Examination of Witnesses (Questions 60-79)
Dr Nigel Dowdall, Dr Mark Popplestone and Mr Roger
Wiltshire
26 JUNE 2007
Q60 Lord Haskel: Coming to the matter
of a pandemic of influenza, are there any contingency plans to
deal with an outbreak? If you know that an outbreak has occurred
do you have contingency plans to deal with it so that there is
a routine which just goes into operation?
Dr Dowdall: Any airline that does not have contingency
plans is somewhat remiss for its shareholders, because for us
it is a business continuity issue. In terms of what we should
all be doing, International Civil Aviation Organisation, International
Air Transport Association and the WHO had a meeting a couple of
years ago in Singapore where they developed protocols and guidance
for airlines, for airports, and those are published and made available.
Certainly most of the major airlines have taken that on board
and have developed their plans and are clearly working in conjunction
with their other business partners, government agencies and so
on. It is certainly happening in the UK, where the CAA Aviation
Health Unit is the focal point for the liaison between airlines
and airports and the Department of Health, the Department of Transport,
etc, in pandemic planning.
Q61 Lord Haskel: Have these plans been
tested? Do we know that they work?
Dr Dowdall: There have been a number of exercises.

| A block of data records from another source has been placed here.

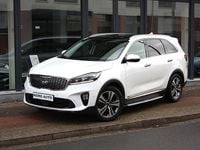 Gebraucht Kia Sorento GT-Line 200 PS (147 kW) 2018 Weiß SUV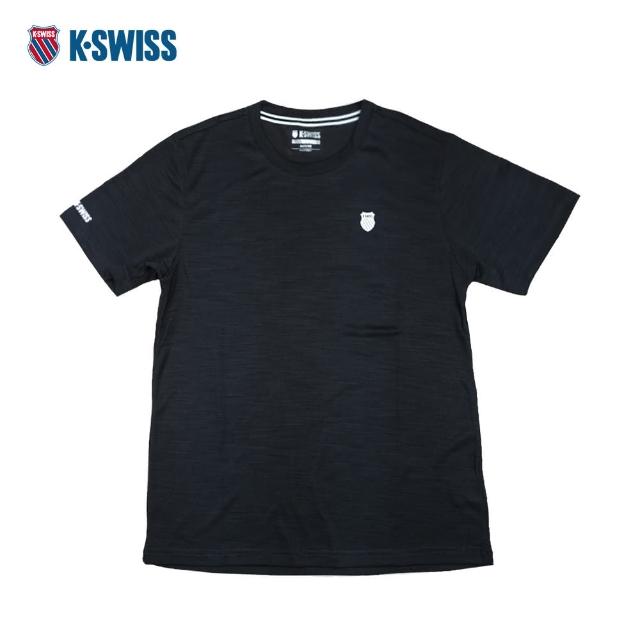 【K-SWISS】排汗T恤(獨家款式)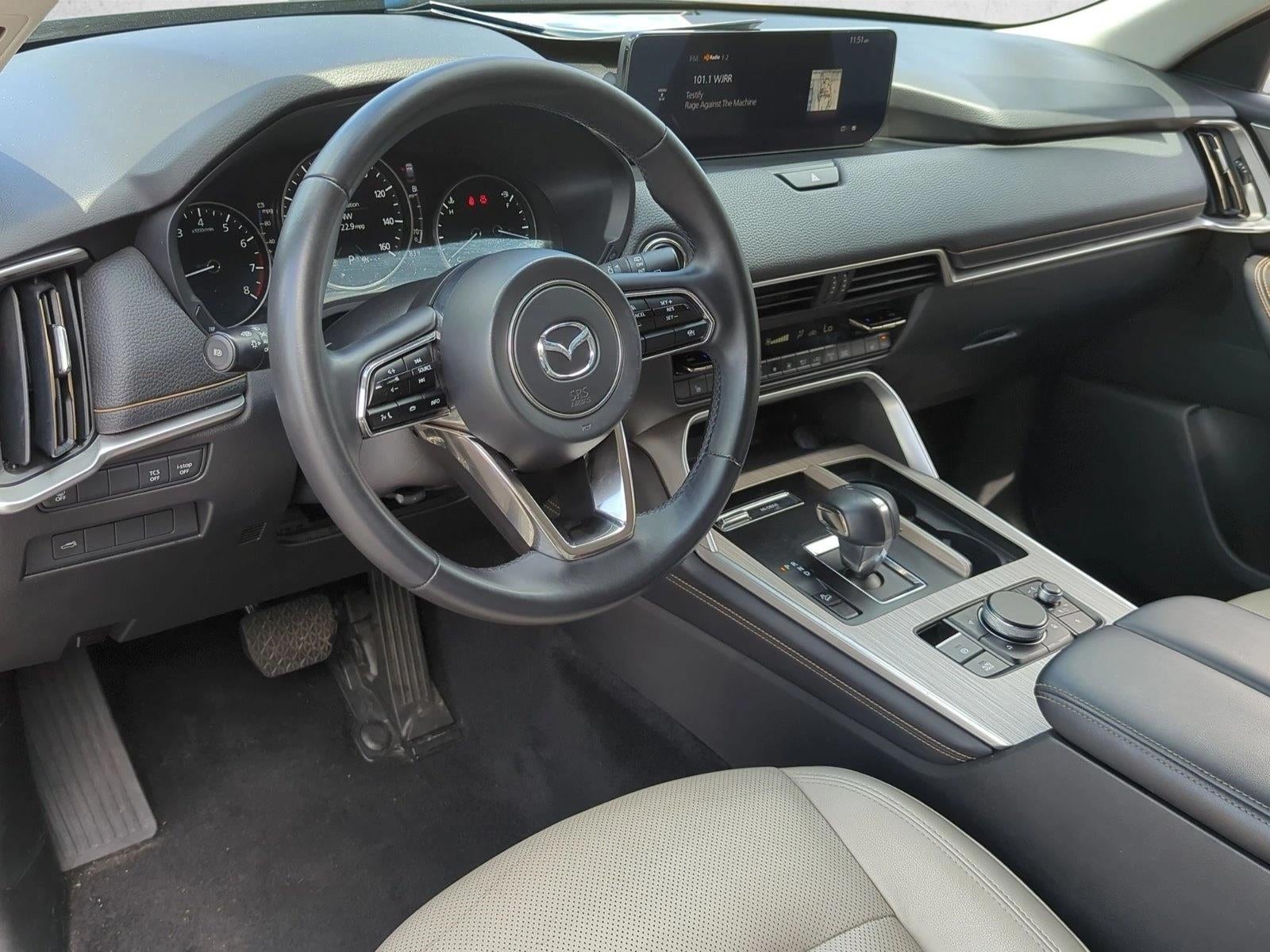 2024 Mazda Mazda CX-90 3.3 Turbo Preferred AWD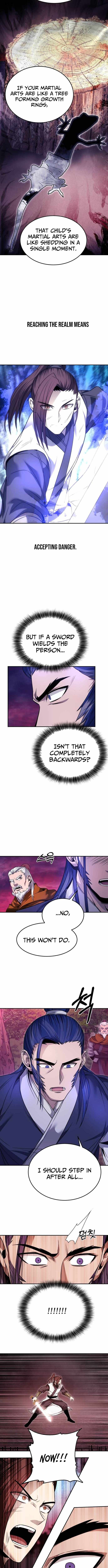 Mount Hua Sect’s Greatest Genius Chapter 41 - Page 11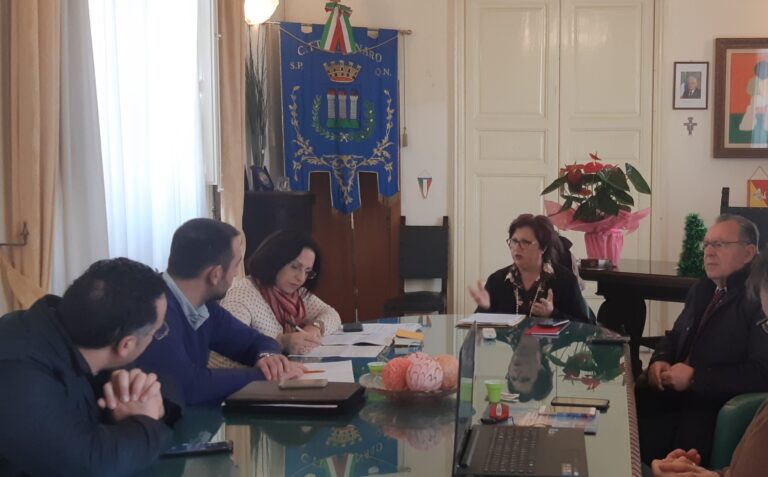 Consorzio Agrigentino per la Legalità e lo Sviluppo di Agrigento dicembre 2019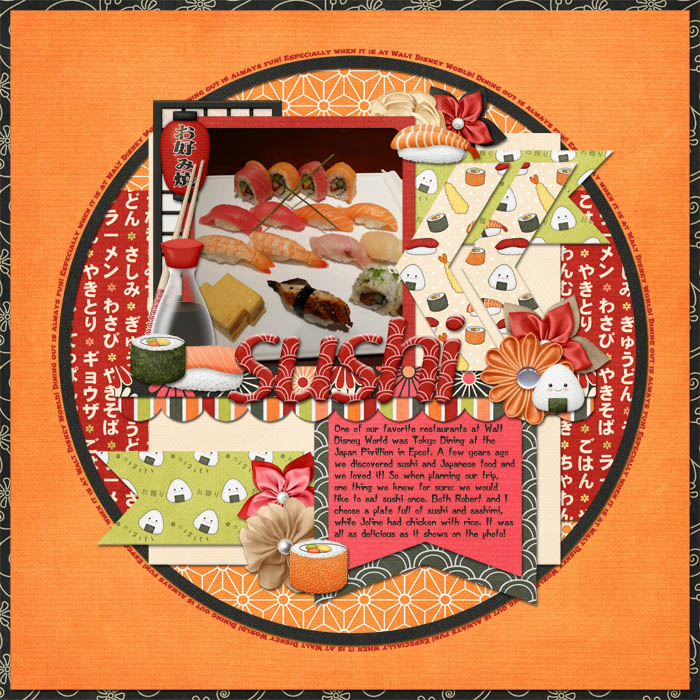 Sushiklein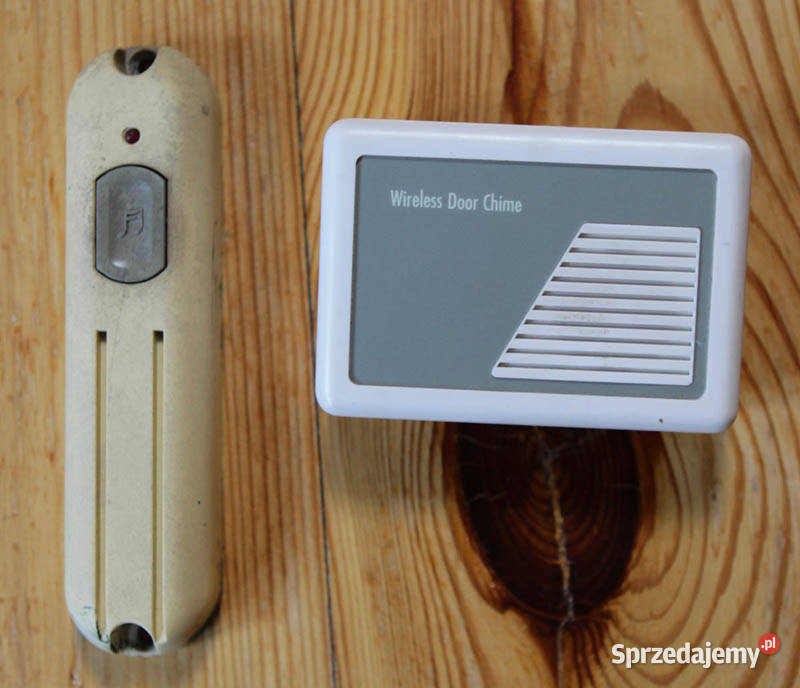Dzwonki bezprzewodowe 2 do sprawdzenia Elektryka i akcesoria świętokrzyskie Kielce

The Government has run exercises. My own airline is planning on
exercising our plan later this year.
Dr Popplestone: Virgin Atlantic took part in
a recent exercise run by the Department of Health and, yes, we
run regular contingency planning exercises. We have a working
group within the airline. You gain information on contingency
planning because it is a business threatening problem. But in
everything we do we try to work with the Department of Health,
to work with the Government Health Protection Agency. The other
complicating factor, of course, is that we have to interact with
the public health authorities of many different countries around
the world as well, but we do what we can to try to make sure that
all things are compatible with that.
Q62 Lord Haskel: The staff play a
part in this. They know how to deal with the passengers.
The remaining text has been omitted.